> **WORKING DATA**

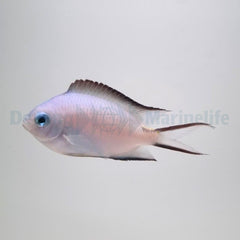 Acanthochromis polyacanthus - T.B.
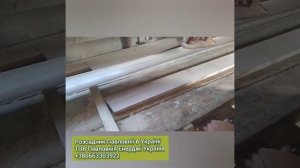 Павловния лучше, чем сосна для производсва мебели. Древесина Павловнии. Мнение эксперта!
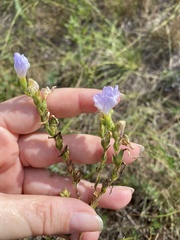 Linum hirsutum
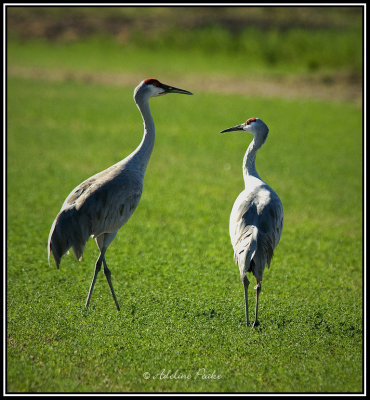 Sandhill Cranes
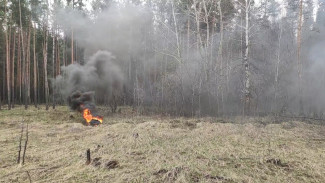 У Нововоронежской АЭС подожгли лес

> **REQUIRED ACTION**
Please print each entry exactly as it stands, without the pictures.

> **ANSWER TO THE EXERCISE**
 Acanthochromis polyacanthus - T.B.
 Павловния лучше, чем сосна для производсва мебели. Древесина Павловнии. Мнение эксперта!
 Linum hirsutum
 Sandhill Cranes
 У Нововоронежской АЭС подожгли лес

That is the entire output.